(Items from a dataset)
===============

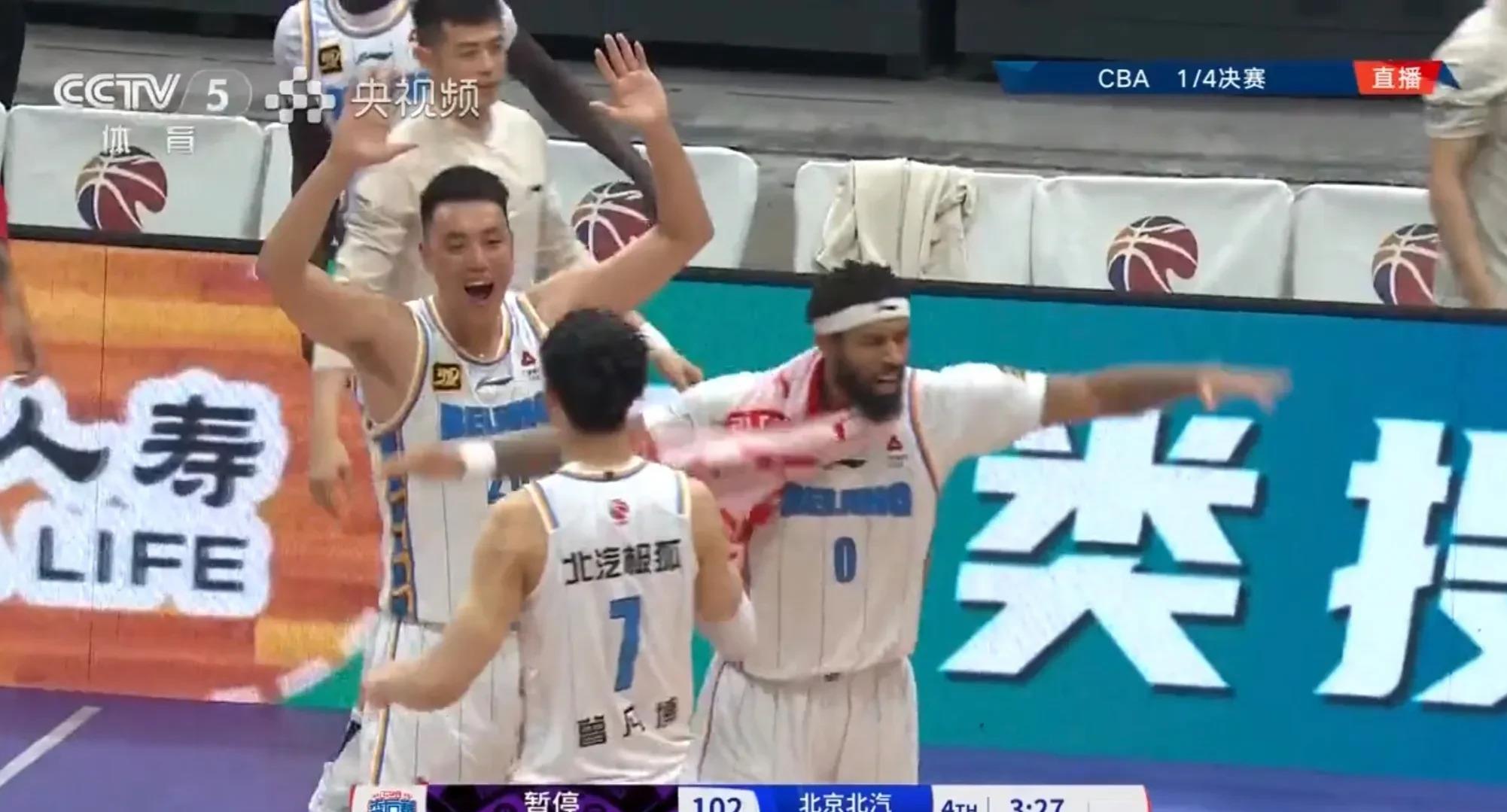 河北男篮在比赛中发挥出色，取得胜利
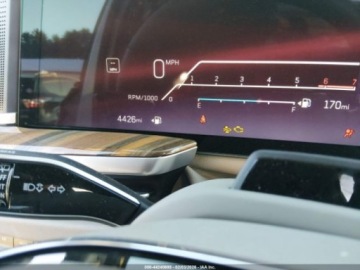 Cadillac Escalade III 2025 Cadillac Escalade Premium Luxury Platinum 2025 6.2 Benzyna 420KM, zdjęcie 11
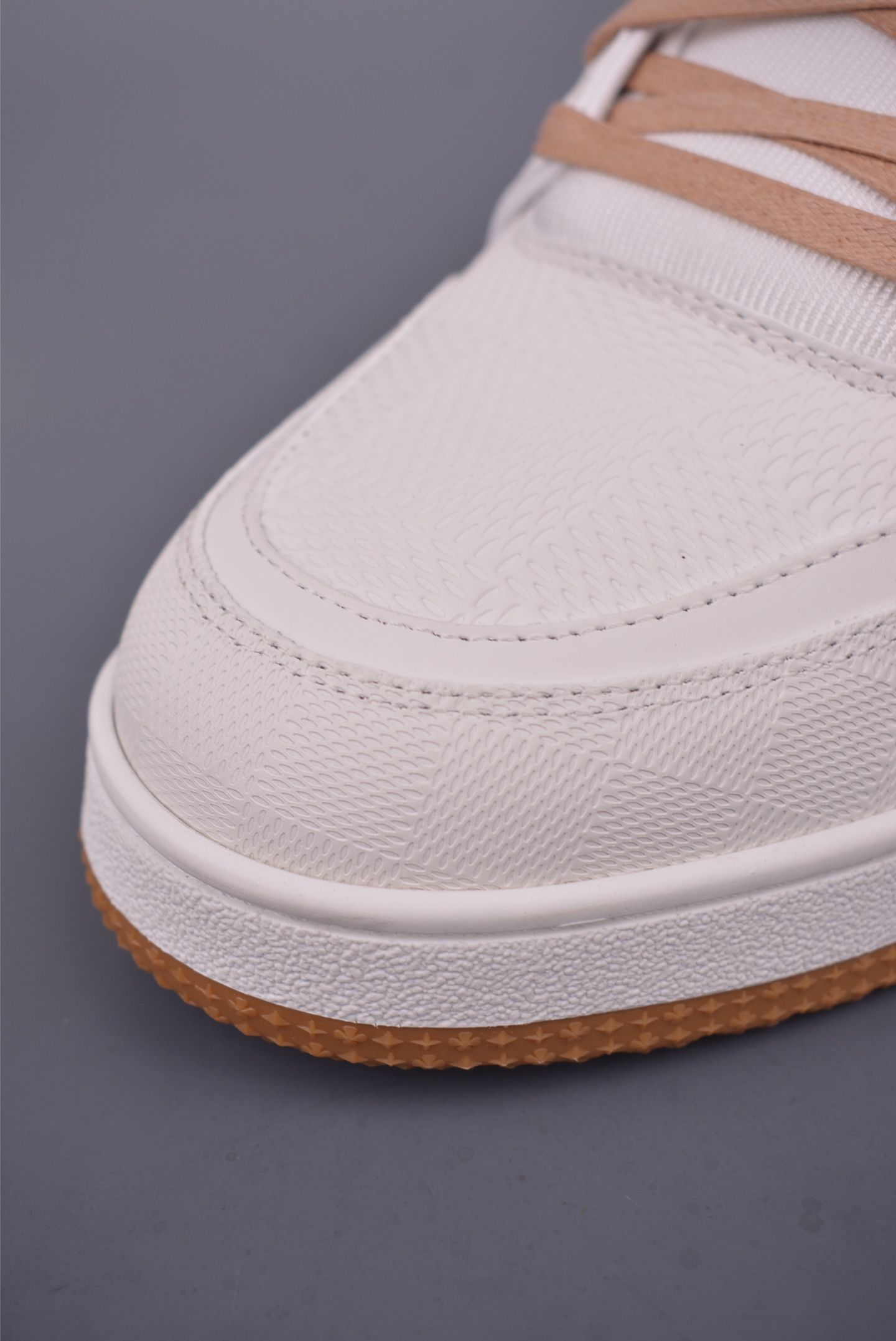 Louis Vuitton Trainer Limited Edition Sneakers - White Leather, Size 35-45 6 i1749683851832 1291 0 5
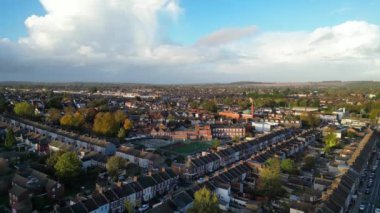 Merkez Luton Şehir Merkezi ve Binaları. 4 Kasım 2023 'te Parlak Soğuk Güneşli bir günde yakalandı. Luton, İngiltere Büyük Britanya, Birleşik Krallık, İngiltere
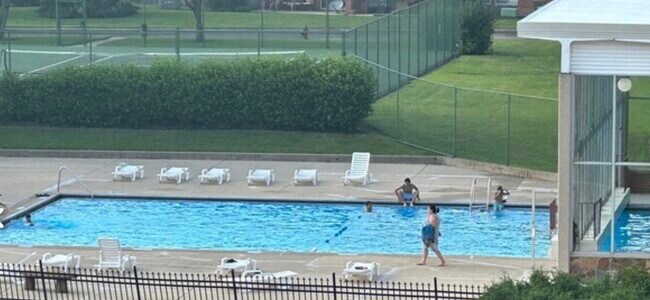 Building Photo - 16 E Old Willow Rd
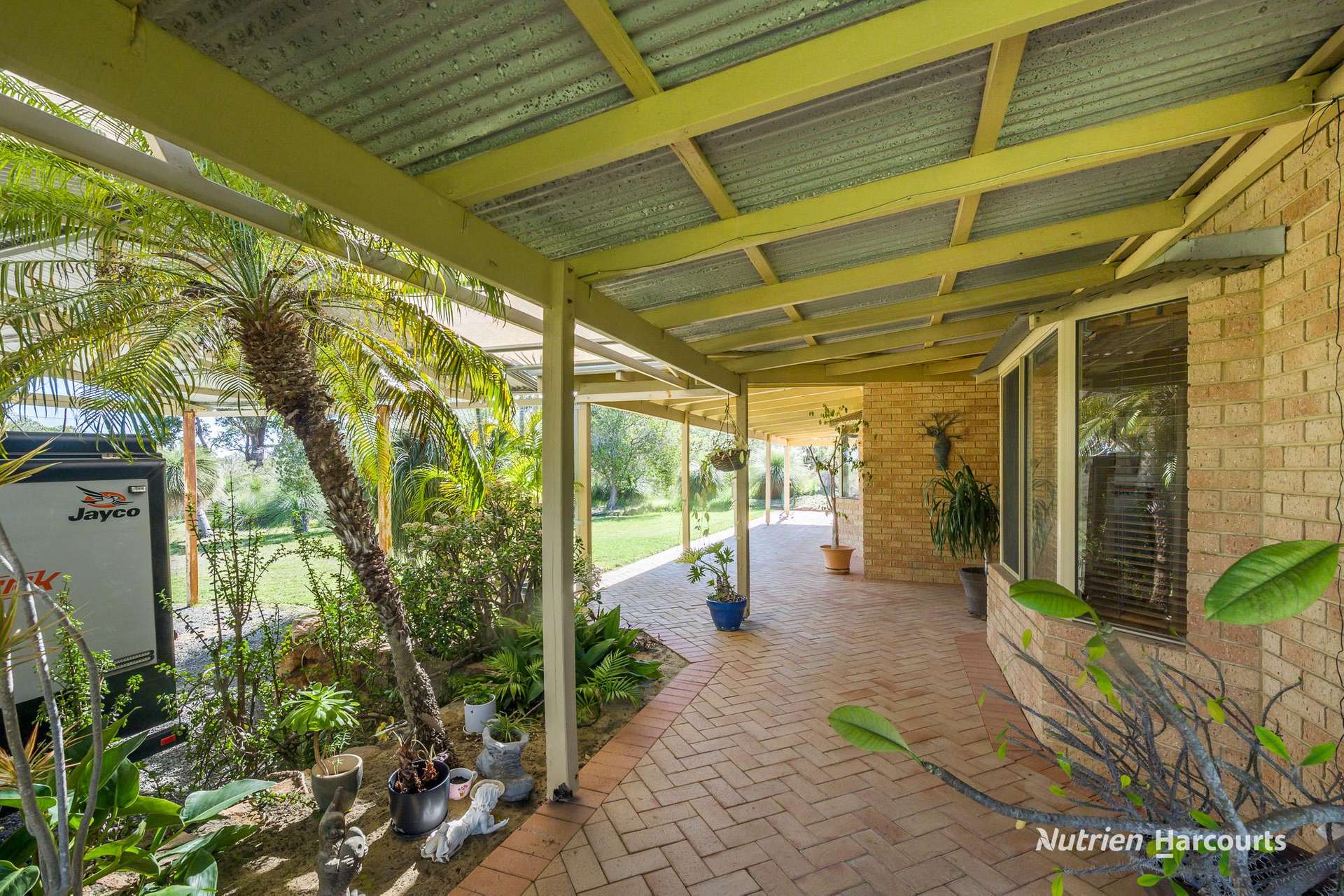 74 Birdwood Drive, Woodridge For Sale by Farmbuy.com - image 5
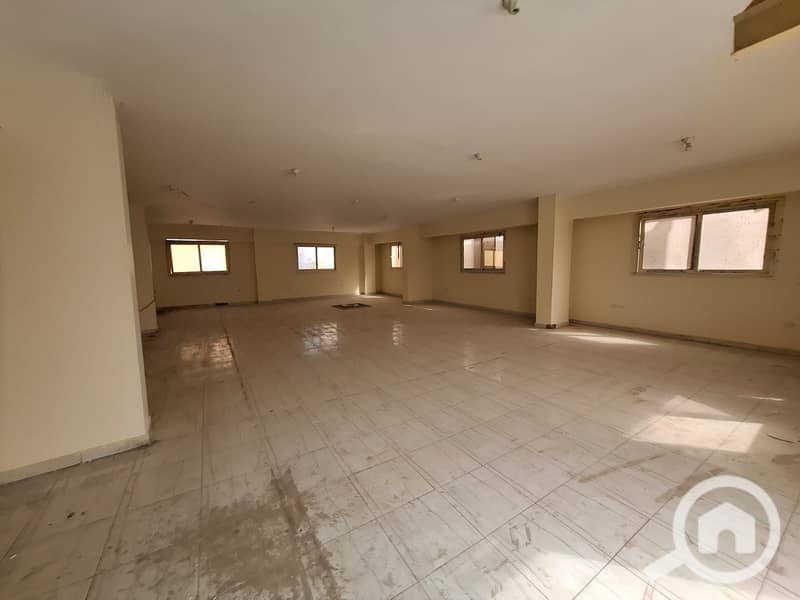 Ground-floor unit in an engineering/manufacturing facility (electrical panel operations), located in the Fifth Settlement Industrial Zone. Area: 200 s - Widok 5
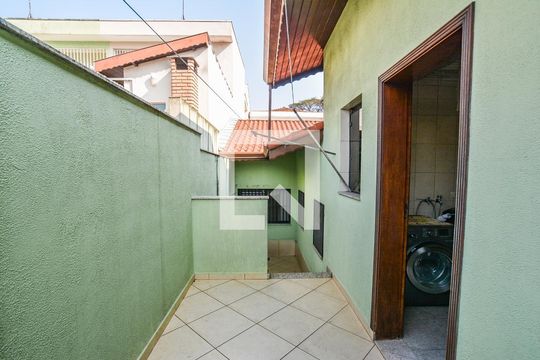 Área de Serviço/Quintal de casa à venda com 3 quartos, 202m² em Vila Alzira, Santo André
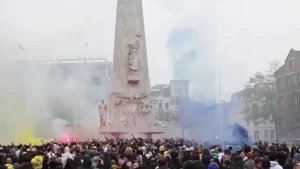 Israelenses sofrem ataque após partida de futebol em Amsterdã; “Antissemita”, diz Netanyahu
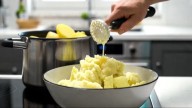 El truco del chef para un puré de papas cremoso sin manteca ni leche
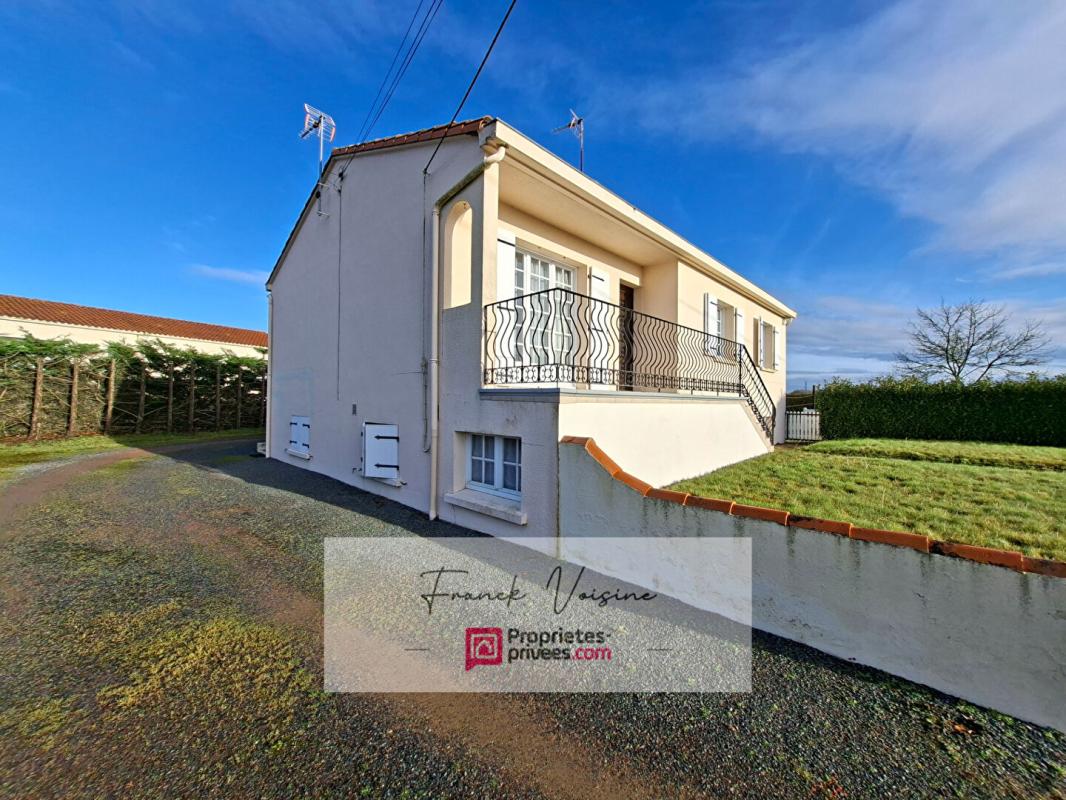 SAINT-PAUL-EN-PAREDS A VENDRE à Saint Paul en Pareds, maison de 137 m2 avec 2 chambres et 1 studio en sous-sol sur une parcelle de 848 m2 env 13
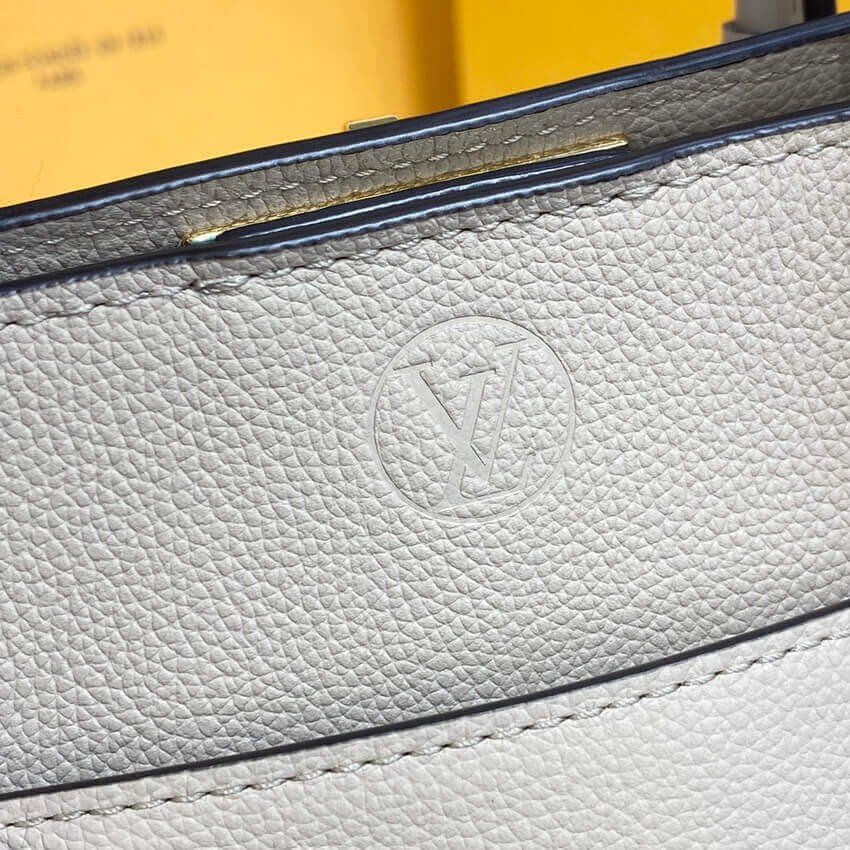 Louis Vuitton On My Side PM M57729 Greige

===============

▶ _Problem description_: From the first line to the last, please copy the data exactly, with the pictures left out.

▶ _Worked solution_:
 河北男篮在比赛中发挥出色，取得胜利
 Cadillac Escalade III 2025 Cadillac Escalade Premium Luxury Platinum 2025 6.2 Benzyna 420KM, zdjęcie 11
 Louis Vuitton Trainer Limited Edition Sneakers - White Leather, Size 35-45 6 i1749683851832 1291 0 5
 Merkez Luton Şehir Merkezi ve Binaları. 4 Kasım 2023 'te Parlak Soğuk Güneşli bir günde yakalandı. Luton, İngiltere Büyük Britanya, Birleşik Krallık, İngiltere
 Building Photo - 16 E Old Willow Rd
 74 Birdwood Drive, Woodridge For Sale by Farmbuy.com - image 5
 Ground-floor unit in an engineering/manufacturing facility (electrical panel operations), located in the Fifth Settlement Industrial Zone. Area: 200 s - Widok 5
 Área de Serviço/Quintal de casa à venda com 3 quartos, 202m² em Vila Alzira, Santo André
 Israelenses sofrem ataque após partida de futebol em Amsterdã; “Antissemita”, diz Netanyahu
 El truco del chef para un puré de papas cremoso sin manteca ni leche
 SAINT-PAUL-EN-PAREDS A VENDRE à Saint Paul en Pareds, maison de 137 m2 avec 2 chambres et 1 studio en sous-sol sur une parcelle de 848 m2 env 13
 Louis Vuitton On My Side PM M57729 Greige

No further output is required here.